Der in Artikel 33 der Flüchtlingskonvention von 1951 und in Artikel 19 der Charta der Grundrechte der Europäischen Union festgeschriebene Grundsatz der Nichtzurückweisung wird auch bei der Anwendung von Ausnahmen zur Rückführungsrichtlinie eingehalten. In dem Vorschlag wird ausdrücklich auf die Verpflichtung der Mitgliedstaaten hingewiesen, diesen Grundsatz bei der Erfüllung ihrer Pflichten zur Kontrolle der Grenzen stets zu beachten. Die Einhaltung des Grundsatzes der Nichtzurückweisung umfasst eine Bewertung, ob das Risiko der Verfolgung, Folter oder unmenschlichen oder erniedrigenden Behandlung oder das Risiko der Kettenzurückweisung besteht.

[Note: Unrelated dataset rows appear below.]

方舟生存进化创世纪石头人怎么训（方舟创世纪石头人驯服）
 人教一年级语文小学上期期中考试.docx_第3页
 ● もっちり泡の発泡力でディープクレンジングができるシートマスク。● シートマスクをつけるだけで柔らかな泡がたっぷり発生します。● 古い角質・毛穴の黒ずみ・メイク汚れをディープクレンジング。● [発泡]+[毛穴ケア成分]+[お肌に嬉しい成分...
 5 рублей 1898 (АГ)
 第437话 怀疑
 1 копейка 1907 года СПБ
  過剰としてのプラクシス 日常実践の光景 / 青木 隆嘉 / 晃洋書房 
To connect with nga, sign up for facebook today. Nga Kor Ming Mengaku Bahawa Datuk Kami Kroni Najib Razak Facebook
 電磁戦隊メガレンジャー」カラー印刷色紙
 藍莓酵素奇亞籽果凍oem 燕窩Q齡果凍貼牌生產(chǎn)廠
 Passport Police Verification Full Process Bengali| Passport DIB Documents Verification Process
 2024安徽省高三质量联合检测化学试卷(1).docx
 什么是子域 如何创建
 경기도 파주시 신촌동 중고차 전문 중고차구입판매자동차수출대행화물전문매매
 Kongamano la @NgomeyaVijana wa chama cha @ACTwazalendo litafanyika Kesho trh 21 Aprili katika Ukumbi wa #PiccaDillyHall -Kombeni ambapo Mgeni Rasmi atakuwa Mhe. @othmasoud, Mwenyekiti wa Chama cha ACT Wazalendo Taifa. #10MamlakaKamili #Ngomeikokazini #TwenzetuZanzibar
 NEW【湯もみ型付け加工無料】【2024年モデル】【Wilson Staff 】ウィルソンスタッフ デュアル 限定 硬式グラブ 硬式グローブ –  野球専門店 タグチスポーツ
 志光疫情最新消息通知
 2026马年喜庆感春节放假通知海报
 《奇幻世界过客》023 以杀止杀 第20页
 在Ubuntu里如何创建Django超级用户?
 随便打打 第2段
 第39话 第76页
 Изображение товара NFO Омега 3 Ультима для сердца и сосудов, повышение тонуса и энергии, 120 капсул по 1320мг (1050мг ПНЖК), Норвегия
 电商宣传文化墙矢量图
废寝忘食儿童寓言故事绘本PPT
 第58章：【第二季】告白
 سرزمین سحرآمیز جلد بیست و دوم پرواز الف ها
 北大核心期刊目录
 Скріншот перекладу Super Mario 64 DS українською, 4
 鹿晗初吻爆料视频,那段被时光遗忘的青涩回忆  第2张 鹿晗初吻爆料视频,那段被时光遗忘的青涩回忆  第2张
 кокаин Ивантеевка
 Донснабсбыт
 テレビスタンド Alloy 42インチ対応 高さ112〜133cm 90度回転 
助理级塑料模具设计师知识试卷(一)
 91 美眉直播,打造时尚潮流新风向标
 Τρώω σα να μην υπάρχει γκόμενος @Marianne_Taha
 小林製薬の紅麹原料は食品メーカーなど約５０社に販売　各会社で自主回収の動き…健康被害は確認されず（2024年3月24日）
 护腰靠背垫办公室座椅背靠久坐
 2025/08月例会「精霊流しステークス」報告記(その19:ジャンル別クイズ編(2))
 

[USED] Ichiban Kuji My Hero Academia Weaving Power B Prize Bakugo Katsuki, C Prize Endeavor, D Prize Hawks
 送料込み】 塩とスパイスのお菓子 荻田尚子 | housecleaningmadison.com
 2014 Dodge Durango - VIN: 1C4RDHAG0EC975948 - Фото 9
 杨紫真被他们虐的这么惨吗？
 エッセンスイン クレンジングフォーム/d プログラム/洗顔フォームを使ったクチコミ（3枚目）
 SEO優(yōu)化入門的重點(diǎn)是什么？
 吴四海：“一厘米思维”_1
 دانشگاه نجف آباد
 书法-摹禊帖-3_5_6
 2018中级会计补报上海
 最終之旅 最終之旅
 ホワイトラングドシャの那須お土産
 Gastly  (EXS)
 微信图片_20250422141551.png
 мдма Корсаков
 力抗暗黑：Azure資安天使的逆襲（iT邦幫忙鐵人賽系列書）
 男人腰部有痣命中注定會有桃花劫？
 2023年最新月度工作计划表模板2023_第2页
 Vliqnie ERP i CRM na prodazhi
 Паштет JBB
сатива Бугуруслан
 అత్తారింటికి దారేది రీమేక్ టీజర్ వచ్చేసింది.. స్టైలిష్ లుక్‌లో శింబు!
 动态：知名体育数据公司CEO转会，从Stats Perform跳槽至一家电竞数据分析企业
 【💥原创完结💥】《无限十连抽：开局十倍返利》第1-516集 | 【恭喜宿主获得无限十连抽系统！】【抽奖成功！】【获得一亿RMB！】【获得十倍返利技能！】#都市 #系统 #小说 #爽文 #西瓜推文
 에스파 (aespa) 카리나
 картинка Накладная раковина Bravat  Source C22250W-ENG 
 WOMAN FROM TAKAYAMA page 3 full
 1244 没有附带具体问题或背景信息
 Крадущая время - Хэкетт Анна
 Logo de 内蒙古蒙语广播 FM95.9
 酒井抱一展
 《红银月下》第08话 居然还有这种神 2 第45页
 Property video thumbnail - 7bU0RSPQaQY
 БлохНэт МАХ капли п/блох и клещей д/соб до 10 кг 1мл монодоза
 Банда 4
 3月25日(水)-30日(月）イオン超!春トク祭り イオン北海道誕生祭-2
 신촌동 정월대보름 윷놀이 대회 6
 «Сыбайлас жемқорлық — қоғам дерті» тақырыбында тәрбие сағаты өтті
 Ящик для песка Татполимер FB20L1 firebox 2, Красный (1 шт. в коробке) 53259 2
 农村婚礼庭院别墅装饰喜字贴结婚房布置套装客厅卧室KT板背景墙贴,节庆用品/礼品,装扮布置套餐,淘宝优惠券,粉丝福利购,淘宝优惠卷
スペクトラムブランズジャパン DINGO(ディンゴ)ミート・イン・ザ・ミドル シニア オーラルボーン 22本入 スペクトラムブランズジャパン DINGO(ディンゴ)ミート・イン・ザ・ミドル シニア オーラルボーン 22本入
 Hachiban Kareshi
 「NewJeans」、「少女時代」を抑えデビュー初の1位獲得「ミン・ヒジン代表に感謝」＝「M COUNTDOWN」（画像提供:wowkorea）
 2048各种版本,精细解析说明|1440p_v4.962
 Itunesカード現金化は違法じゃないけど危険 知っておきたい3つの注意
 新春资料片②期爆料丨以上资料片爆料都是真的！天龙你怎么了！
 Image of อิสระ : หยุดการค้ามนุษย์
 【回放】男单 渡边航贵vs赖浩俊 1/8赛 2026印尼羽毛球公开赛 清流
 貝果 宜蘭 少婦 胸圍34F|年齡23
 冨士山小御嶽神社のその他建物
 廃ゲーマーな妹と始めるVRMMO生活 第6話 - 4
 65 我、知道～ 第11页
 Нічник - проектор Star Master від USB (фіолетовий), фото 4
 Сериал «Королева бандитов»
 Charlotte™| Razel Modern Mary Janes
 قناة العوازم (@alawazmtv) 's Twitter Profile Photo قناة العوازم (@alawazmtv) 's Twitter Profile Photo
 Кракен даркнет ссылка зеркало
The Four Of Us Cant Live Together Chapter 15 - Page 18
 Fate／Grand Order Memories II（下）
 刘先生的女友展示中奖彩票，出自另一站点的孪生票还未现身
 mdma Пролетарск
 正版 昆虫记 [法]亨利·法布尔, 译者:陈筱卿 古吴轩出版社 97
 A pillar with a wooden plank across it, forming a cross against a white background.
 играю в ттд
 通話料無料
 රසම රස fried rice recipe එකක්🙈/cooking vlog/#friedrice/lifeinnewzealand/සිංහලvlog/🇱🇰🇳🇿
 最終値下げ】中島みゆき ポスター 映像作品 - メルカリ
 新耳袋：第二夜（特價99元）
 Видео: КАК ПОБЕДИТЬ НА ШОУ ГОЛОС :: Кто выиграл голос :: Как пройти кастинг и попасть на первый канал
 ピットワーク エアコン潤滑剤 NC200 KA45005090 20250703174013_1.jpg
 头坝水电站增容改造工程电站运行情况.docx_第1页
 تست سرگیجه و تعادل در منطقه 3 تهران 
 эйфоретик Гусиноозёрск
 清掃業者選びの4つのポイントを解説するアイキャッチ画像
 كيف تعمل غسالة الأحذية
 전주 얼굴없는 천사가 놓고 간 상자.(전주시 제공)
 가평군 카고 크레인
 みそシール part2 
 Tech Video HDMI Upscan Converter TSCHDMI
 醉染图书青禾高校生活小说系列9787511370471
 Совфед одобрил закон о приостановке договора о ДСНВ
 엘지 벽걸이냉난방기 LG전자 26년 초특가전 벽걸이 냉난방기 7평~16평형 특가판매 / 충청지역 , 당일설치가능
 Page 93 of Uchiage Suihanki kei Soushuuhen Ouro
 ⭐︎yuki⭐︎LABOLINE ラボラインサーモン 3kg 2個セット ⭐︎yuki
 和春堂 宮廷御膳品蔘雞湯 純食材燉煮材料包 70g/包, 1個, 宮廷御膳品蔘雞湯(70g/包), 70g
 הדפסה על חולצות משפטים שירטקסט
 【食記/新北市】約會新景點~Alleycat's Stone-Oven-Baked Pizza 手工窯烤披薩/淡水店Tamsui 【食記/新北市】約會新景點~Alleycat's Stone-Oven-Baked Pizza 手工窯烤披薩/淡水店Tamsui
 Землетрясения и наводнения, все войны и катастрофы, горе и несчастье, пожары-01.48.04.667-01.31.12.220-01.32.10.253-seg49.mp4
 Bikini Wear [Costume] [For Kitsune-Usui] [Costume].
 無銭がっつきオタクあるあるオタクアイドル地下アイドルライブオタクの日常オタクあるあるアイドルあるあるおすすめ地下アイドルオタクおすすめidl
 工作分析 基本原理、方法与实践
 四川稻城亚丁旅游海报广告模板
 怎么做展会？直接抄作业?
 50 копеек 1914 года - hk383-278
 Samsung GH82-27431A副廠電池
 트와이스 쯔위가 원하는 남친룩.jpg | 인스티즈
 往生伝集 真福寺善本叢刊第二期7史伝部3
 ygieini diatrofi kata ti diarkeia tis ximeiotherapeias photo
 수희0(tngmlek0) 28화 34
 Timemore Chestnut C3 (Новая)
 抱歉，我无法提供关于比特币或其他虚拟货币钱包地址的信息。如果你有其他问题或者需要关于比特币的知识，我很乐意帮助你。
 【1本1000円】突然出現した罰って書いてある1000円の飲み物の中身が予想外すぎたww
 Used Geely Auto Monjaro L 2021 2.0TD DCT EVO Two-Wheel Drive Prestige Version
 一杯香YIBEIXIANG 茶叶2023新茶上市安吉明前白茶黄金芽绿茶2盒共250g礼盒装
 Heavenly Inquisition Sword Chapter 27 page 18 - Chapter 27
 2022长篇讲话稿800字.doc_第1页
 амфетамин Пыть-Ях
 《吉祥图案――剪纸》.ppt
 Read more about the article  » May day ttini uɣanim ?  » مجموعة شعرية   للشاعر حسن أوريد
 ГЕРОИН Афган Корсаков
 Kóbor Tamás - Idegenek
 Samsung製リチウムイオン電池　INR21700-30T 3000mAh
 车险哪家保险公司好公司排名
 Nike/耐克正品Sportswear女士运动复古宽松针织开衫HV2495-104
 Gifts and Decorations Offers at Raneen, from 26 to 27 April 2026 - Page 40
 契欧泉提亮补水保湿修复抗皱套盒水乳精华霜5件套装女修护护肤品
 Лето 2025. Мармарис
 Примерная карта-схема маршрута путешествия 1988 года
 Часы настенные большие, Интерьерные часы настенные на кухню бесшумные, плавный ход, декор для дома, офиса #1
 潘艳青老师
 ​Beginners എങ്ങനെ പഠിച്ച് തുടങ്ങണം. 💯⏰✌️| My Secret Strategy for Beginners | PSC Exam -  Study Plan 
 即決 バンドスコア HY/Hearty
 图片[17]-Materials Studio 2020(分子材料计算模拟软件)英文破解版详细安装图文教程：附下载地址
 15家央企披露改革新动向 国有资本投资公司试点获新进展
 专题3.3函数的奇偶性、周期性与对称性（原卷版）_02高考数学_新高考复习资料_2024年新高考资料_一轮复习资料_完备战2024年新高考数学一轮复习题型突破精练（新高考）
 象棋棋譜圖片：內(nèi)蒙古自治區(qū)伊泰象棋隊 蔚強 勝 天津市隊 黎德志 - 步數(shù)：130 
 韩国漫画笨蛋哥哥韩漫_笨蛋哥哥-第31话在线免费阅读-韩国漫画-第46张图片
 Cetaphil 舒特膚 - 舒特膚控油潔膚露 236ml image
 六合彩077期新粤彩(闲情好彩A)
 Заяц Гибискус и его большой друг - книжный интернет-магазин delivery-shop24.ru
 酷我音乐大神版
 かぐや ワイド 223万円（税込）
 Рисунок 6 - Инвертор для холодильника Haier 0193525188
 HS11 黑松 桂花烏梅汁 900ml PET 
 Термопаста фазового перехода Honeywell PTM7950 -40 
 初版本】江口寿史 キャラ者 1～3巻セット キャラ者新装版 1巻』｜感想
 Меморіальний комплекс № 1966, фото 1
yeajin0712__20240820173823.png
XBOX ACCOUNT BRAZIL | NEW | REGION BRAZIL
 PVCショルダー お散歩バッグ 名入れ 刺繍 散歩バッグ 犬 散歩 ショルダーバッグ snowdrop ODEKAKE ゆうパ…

Was die Anwendung des Asylverfahrens an der Grenze und der Abweichung von der Rückführungsrichtlinie betrifft, so gelten die in der Asylverfahrensrichtlinie, der Richtlinie über Aufnahmebedingungen und der Rückführungsrichtlinie festgelegten Grundsätze und Garantien weiter für Antragsteller, die dem Verfahren an der Grenze unterliegen. Überdies beinhaltet der Vorschlag eine obligatorische Vorzugsregelung für begründete Anträge und Anträge von Familien und Kindern. Es dient dem Wohl dieser Antragsteller, dass über ihre Asylanträge so bald wie möglich entschieden wird. Der Vorschlag garantiert das Recht auf einen wirksamen Rechtsbehelf und stellt sicher, dass Gerichte befugt sind zu entscheiden, ob der Antragsteller bis zur Entscheidung über einen Rechtsbehelf auf dem Hoheitsgebiet des Mitgliedstaates bleiben darf, wobei die geeigneten Garantien gelten, die es einem Antragsteller ermöglichen, ein entsprechendes Ersuchen vor Gericht zu stellen.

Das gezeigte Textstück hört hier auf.